> About this exercise: If an entry holds a picture, leave the picture out and copy the rest of the listing exactly.
# # # # #
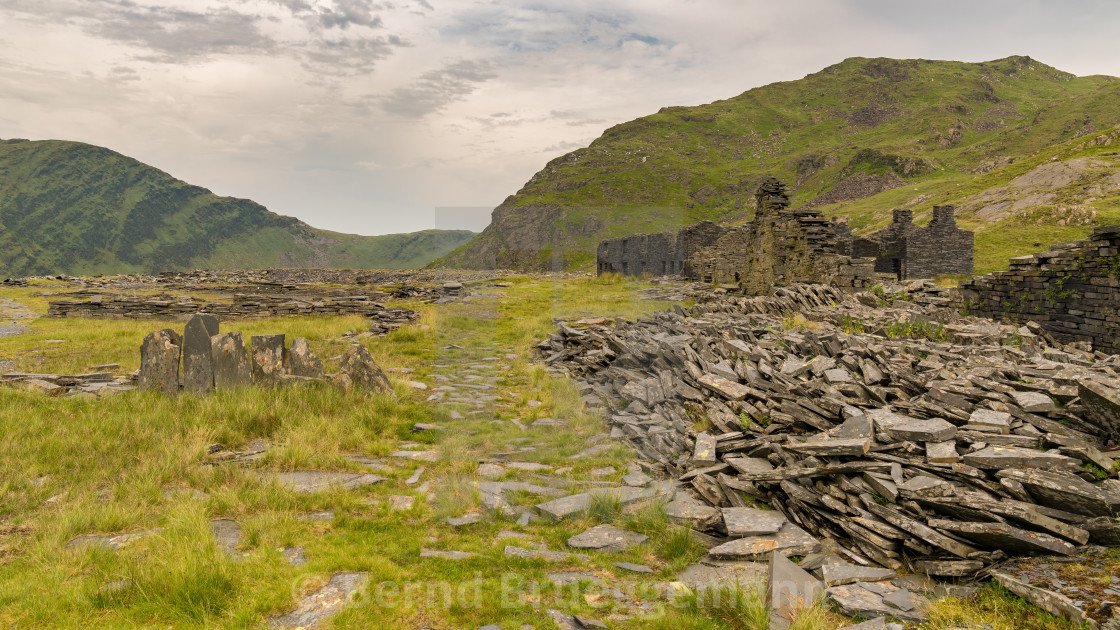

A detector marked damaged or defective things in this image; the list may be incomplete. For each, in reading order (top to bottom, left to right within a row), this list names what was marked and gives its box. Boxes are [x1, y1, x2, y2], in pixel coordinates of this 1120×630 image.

broken slate pile [138, 311, 394, 394]
broken slate pile [537, 284, 1120, 623]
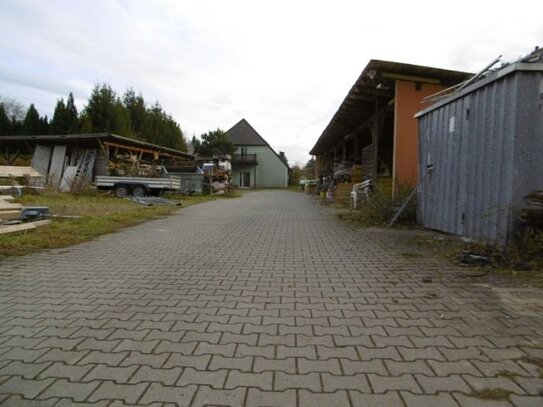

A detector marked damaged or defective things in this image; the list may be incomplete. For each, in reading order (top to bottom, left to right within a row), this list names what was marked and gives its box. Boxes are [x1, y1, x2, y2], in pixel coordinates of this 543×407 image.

rusty metal wall panel [418, 62, 543, 244]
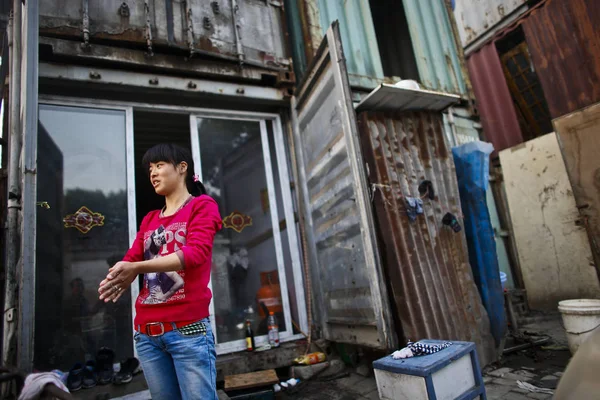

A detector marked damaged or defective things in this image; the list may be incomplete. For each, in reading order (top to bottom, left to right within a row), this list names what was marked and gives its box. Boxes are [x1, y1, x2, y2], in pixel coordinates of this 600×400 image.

rusty metal wall [37, 0, 290, 70]
rusty metal wall [466, 43, 524, 154]
rusty metal wall [520, 0, 600, 119]
rusty metal wall [358, 111, 494, 364]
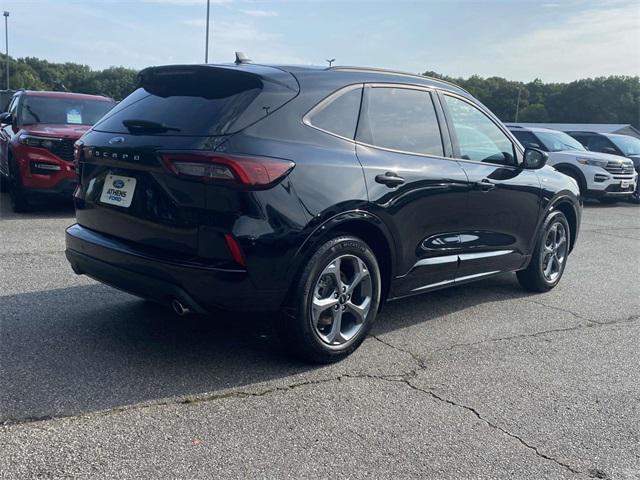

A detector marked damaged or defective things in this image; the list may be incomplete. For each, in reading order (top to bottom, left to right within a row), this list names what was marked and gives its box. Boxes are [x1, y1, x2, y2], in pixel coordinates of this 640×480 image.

cracked pavement [0, 193, 636, 478]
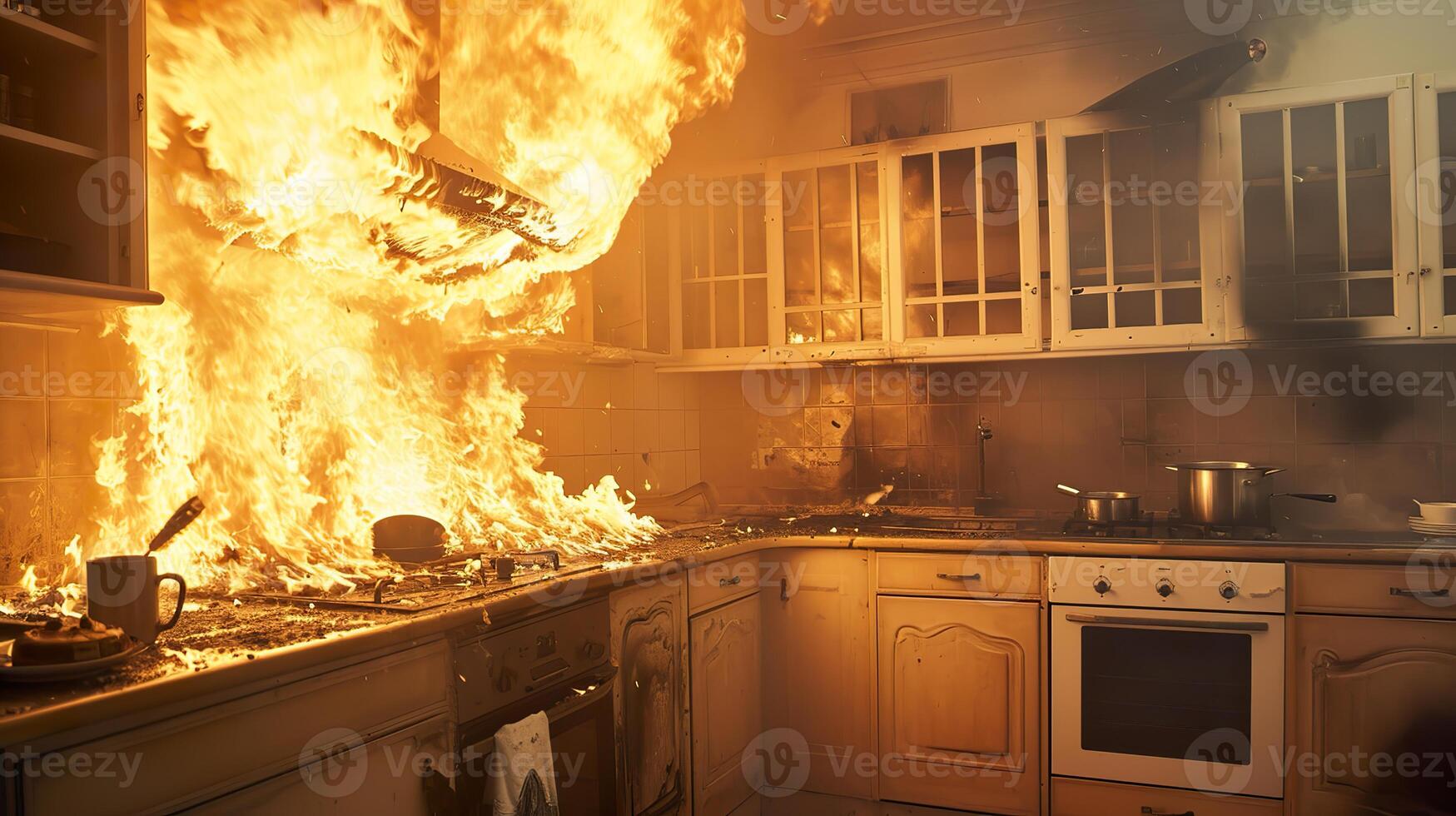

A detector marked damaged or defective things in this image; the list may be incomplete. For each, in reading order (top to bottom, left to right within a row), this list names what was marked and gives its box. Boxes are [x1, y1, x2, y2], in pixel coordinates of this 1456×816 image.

charred cabinet [1217, 77, 1421, 339]
charred cabinet [609, 577, 687, 810]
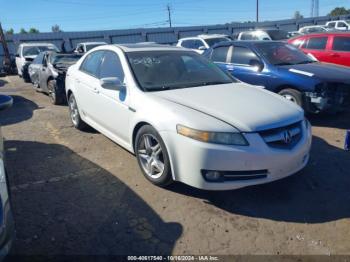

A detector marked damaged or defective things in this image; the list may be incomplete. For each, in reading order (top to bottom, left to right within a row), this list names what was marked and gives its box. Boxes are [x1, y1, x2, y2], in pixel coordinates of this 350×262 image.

wrecked vehicle [28, 51, 81, 104]
damaged car [28, 51, 81, 104]
wrecked vehicle [204, 41, 350, 113]
damaged car [204, 41, 350, 113]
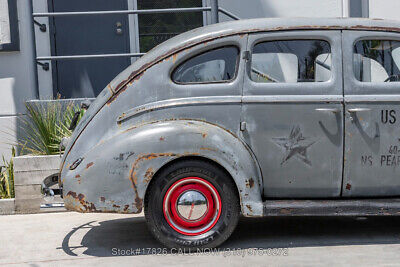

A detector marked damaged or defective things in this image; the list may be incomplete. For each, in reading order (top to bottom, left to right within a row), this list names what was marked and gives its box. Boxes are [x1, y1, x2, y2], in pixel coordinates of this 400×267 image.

rusty car fender [61, 119, 262, 218]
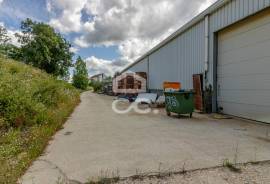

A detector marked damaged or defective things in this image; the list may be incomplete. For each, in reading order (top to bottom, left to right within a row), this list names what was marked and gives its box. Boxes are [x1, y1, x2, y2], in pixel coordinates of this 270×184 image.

cracked concrete pavement [20, 92, 270, 184]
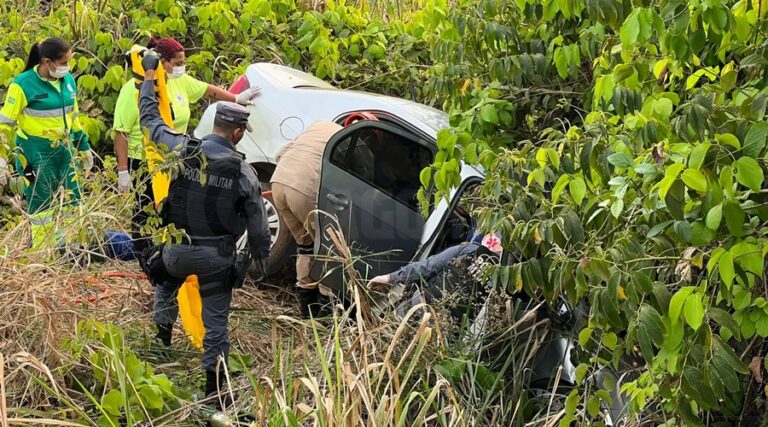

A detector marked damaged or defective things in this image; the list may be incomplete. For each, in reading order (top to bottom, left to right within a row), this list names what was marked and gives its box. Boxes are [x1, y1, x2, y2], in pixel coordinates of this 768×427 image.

crashed silver car [196, 63, 486, 290]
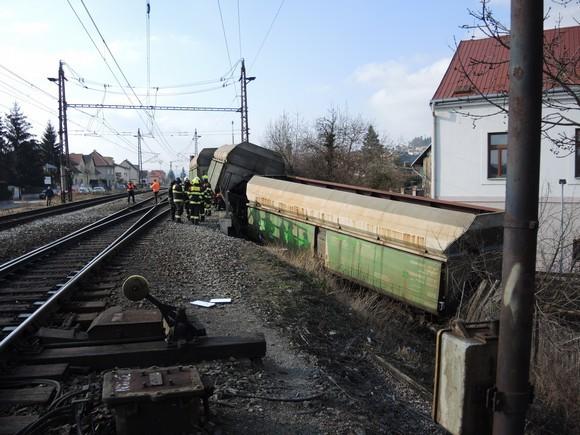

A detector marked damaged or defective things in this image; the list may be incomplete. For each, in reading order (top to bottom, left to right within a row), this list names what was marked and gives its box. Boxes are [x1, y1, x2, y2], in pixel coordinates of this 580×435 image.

rusty metal switch stand [103, 366, 208, 434]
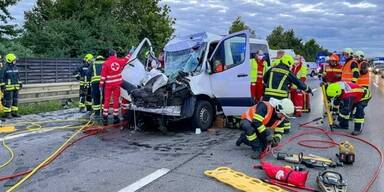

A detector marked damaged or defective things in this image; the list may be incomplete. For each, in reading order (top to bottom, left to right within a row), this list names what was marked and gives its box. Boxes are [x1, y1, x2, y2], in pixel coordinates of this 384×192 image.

shattered windshield [164, 43, 207, 76]
crashed white van [120, 31, 270, 130]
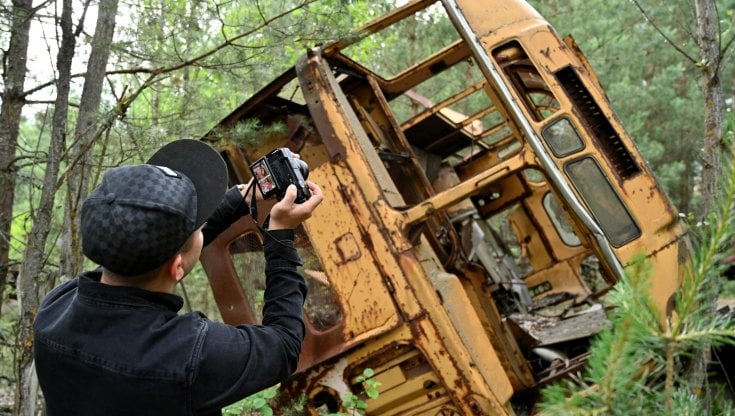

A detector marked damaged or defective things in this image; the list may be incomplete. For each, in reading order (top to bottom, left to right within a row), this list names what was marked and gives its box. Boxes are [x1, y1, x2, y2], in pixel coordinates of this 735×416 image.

rusted yellow bus [197, 0, 688, 412]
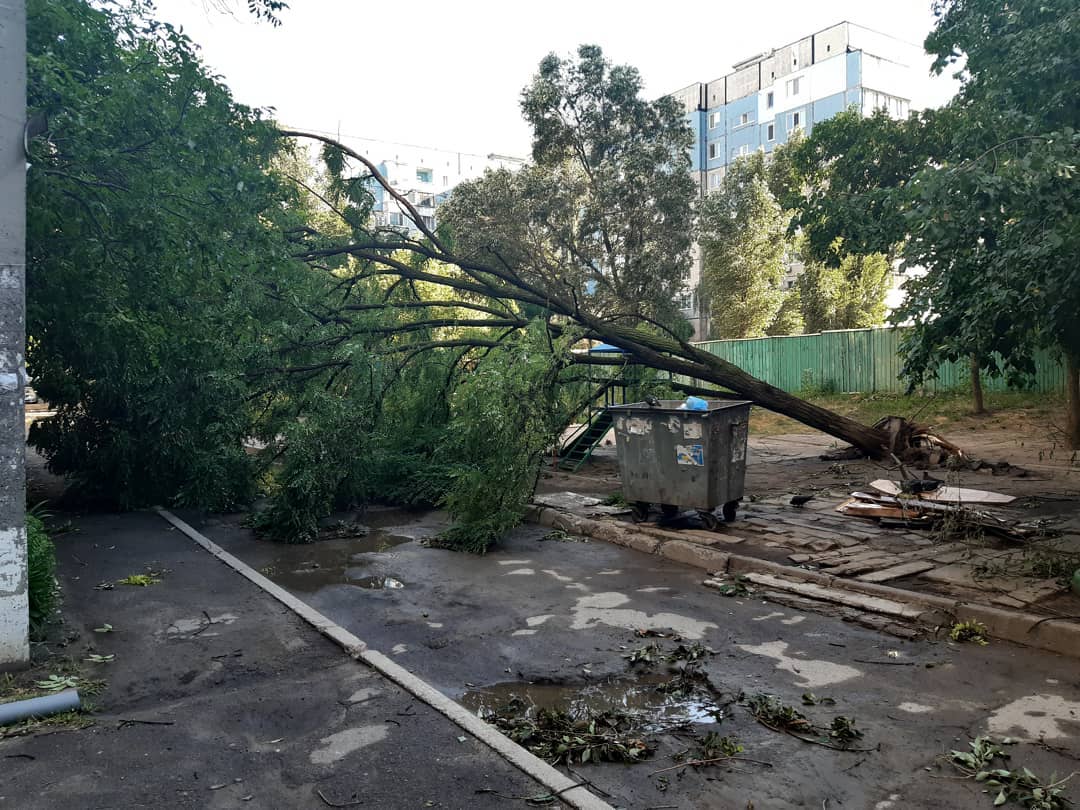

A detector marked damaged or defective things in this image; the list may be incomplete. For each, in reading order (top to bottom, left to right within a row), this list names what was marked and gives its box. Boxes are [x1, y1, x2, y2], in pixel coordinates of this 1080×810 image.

broken wooden board [868, 479, 1010, 505]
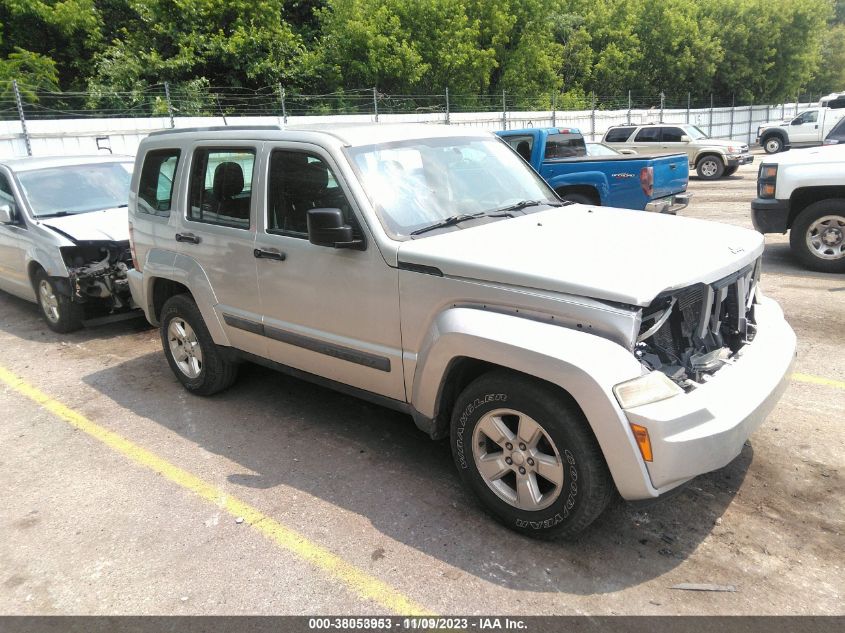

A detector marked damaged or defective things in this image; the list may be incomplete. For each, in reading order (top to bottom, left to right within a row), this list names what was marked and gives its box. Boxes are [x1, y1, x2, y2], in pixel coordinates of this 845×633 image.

minivan crumpled hood [39, 207, 129, 242]
damaged front end [60, 239, 135, 312]
minivan crumpled hood [398, 206, 764, 308]
damaged front end [632, 258, 760, 386]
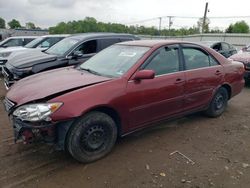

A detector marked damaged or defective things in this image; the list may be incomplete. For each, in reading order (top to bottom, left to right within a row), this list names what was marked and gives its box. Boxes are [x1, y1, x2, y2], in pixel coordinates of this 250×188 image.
# # # # #
> Output of the exercise:
A detector marked damaged or defective things in this image; the list may be incomplete. For each, in reading order (top to bottom, left to right within a row), this list names what was marked and gives its box. Boxes are [x1, y1, x2, y2], in pixel coordinates of this 1120×630 image.

broken slate pile [138, 311, 394, 394]
broken slate pile [537, 284, 1120, 623]

A detector marked damaged or defective things in this image; the list may be incomplete. For each, in reading order (top to bottom, left to right within a row), this list names what was marked and gives its box. Boxes are [x1, y1, x2, y2], in pixel coordinates of this 543×407 image.

rusty metal wall panel [418, 62, 543, 244]

A detector marked damaged or defective things in this image; the list may be incomplete. For each, in reading order (top to bottom, left to right within a row), this list names what was marked and gives its box. Boxes are [x1, y1, x2, y2], in pixel coordinates of this 600×400 image.

rusty metal wall [37, 0, 290, 70]
rusty metal wall [466, 43, 524, 154]
rusty metal wall [520, 0, 600, 119]
rusty metal wall [358, 111, 494, 364]

A detector marked damaged or defective things in this image; the list may be incomplete. For each, in reading order (top to bottom, left to right within a row), this list names what was marked and gives its box. Boxes are [x1, y1, x2, y2], in pixel coordinates of this 640×480 image.

cracked pavement [0, 193, 636, 478]

A detector marked damaged or defective things in this image; the list may be incomplete. For each, in reading order (top to bottom, left to right within a row), this list names what was marked and gives its box. Boxes are [x1, y1, x2, y2], in pixel coordinates of this 1456×816 image.

charred cabinet [1217, 77, 1421, 339]
charred cabinet [609, 577, 687, 810]

A detector marked damaged or defective things in this image; the list may be incomplete. For each, in reading order (top to bottom, left to right within a row), this list names what was marked and gives its box. Boxes are [x1, y1, x2, y2], in pixel coordinates of this 350×262 image.

wrecked vehicle [28, 51, 81, 104]
damaged car [28, 51, 81, 104]
wrecked vehicle [204, 41, 350, 113]
damaged car [204, 41, 350, 113]

A detector marked damaged or defective things in this image; the list may be incomplete. For each, in reading order (top to bottom, left to right within a row), this list names what was marked and gives its box. Boxes are [x1, y1, x2, y2], in pixel coordinates of this 400×267 image.

rusty car fender [61, 119, 262, 218]

A detector marked damaged or defective things in this image; the list may be incomplete. For each, in reading order (top to bottom, left to right within a row), this list names what was marked and gives its box. Boxes are [x1, y1, x2, y2], in pixel coordinates of this 270×184 image.

cracked concrete pavement [20, 92, 270, 184]

A detector marked damaged or defective things in this image; the list may be incomplete. For each, in reading order (top to bottom, left to right within a row), this list names what was marked and gives its box. Boxes are [x1, y1, x2, y2], in pixel coordinates of this 768×427 image.

crashed silver car [196, 63, 486, 290]

A detector marked damaged or defective things in this image; the list may be incomplete. For each, in reading order (top to bottom, left to right within a row), this list names what was marked and gives its box. Boxes are [x1, y1, x2, y2], in pixel coordinates of this 580×435 image.

rusty metal switch stand [103, 366, 208, 434]

A detector marked damaged or defective things in this image; the list may be incomplete. For each, in reading order (top to bottom, left to right within a row), this list names what was marked and gives its box. Boxes are [x1, y1, x2, y2], in pixel coordinates of this 384×192 image.

shattered windshield [164, 43, 207, 76]
crashed white van [120, 31, 270, 130]

A detector marked damaged or defective things in this image; the list may be incomplete. For each, in reading order (top to bottom, left to right within a row), this list names what was marked and gives its box. Boxes are [x1, y1, x2, y2], in pixel coordinates of this 735×416 image.

rusted yellow bus [197, 0, 688, 412]

A detector marked damaged or defective things in this image; the list may be incomplete. For each, in reading order (top to bottom, left to right within a row), this list names what was marked and gives its box. Boxes are [x1, y1, x2, y2], in pixel coordinates of this 1080×810 image.

broken wooden board [868, 479, 1010, 505]

A detector marked damaged or defective things in this image; the list may be incomplete. For each, in reading order (top to bottom, left to right within a row), this list names what was marked and gives its box. Boxes are [x1, y1, x2, y2], in pixel coordinates of this 845×633 image.

minivan crumpled hood [39, 207, 129, 242]
damaged front end [60, 239, 135, 312]
minivan crumpled hood [398, 206, 764, 308]
damaged front end [632, 258, 760, 386]

A detector marked damaged or defective things in this image; the list may be incomplete. For each, in reading order (top to bottom, left to right within a row), this list names what was marked and gives its box. Boxes are [x1, y1, x2, y2], in pixel coordinates of this 250×188 image.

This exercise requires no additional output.